§ **PROMPT**: Could you write out, exactly as they stand, only the lines in the listing below from the line with "Tanaman Jagung di Blora" to the line with "2020农村领头雁培训(农村领头雁培训班总结)", both ends included, without the pictures?

§ **THE RECORDS**:
========================
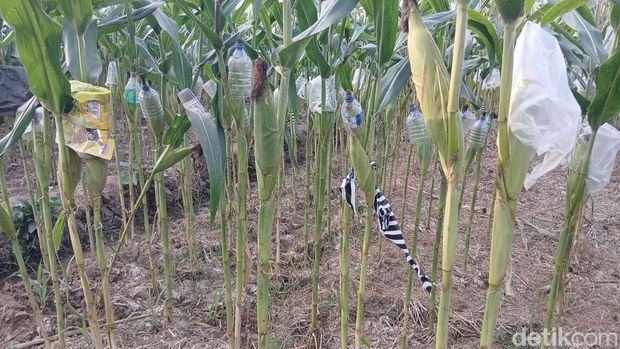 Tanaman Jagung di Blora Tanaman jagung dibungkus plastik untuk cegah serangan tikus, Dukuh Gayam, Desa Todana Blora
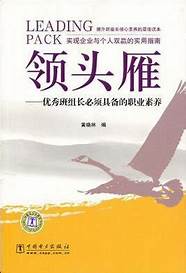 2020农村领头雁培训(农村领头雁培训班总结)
========================
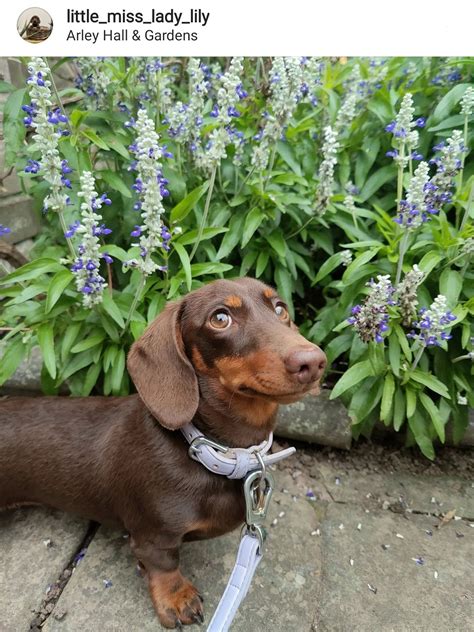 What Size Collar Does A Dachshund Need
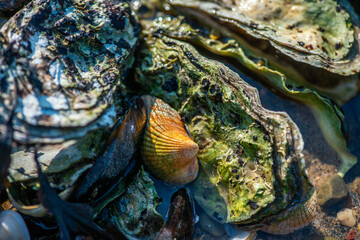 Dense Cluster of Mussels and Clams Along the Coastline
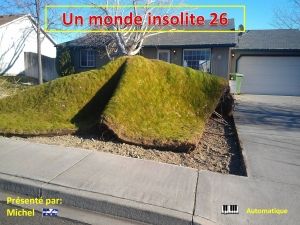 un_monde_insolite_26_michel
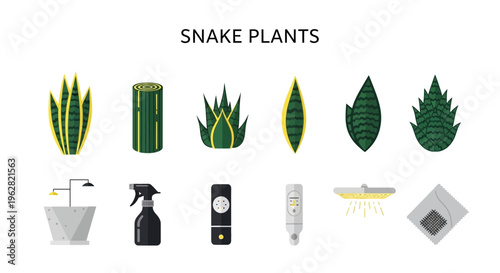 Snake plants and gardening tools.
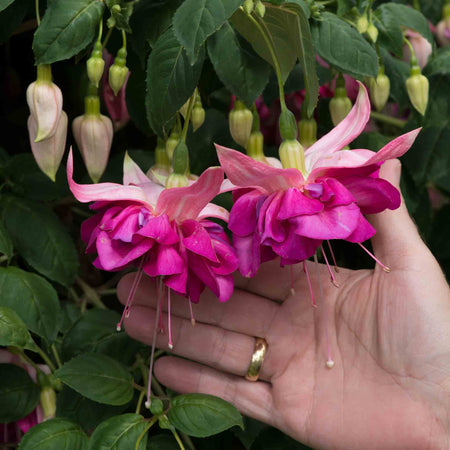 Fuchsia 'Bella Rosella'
========================
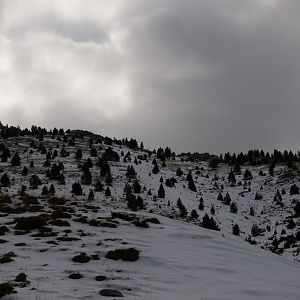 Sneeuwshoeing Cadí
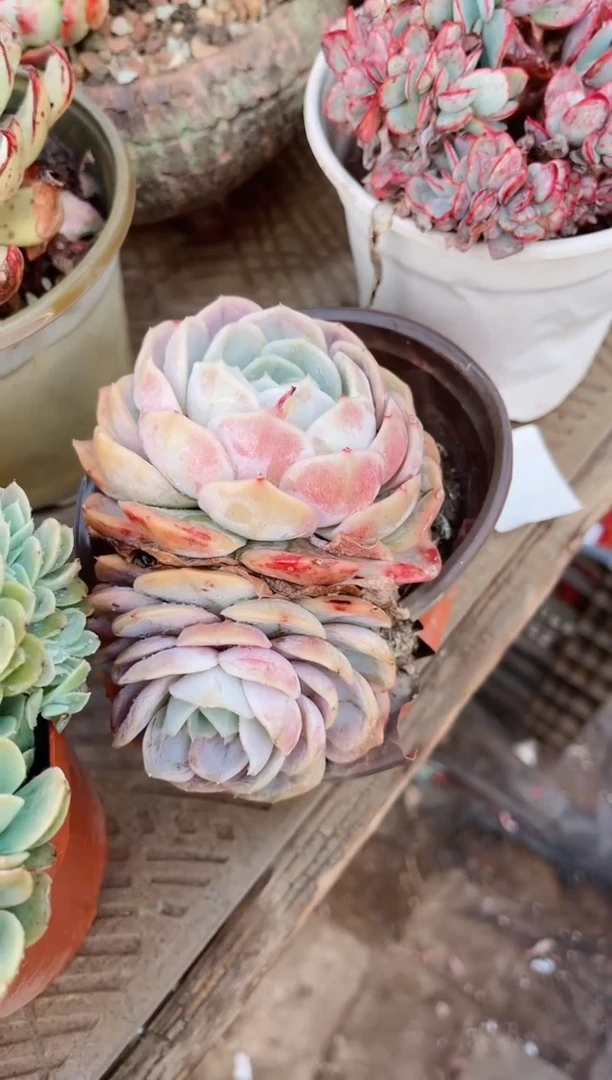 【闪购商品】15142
========================
§ **SOLUTION TO THE PROBLEM**:
 Tanaman Jagung di Blora Tanaman jagung dibungkus plastik untuk cegah serangan tikus, Dukuh Gayam, Desa Todana Blora
 2020农村领头雁培训(农村领头雁培训班总结)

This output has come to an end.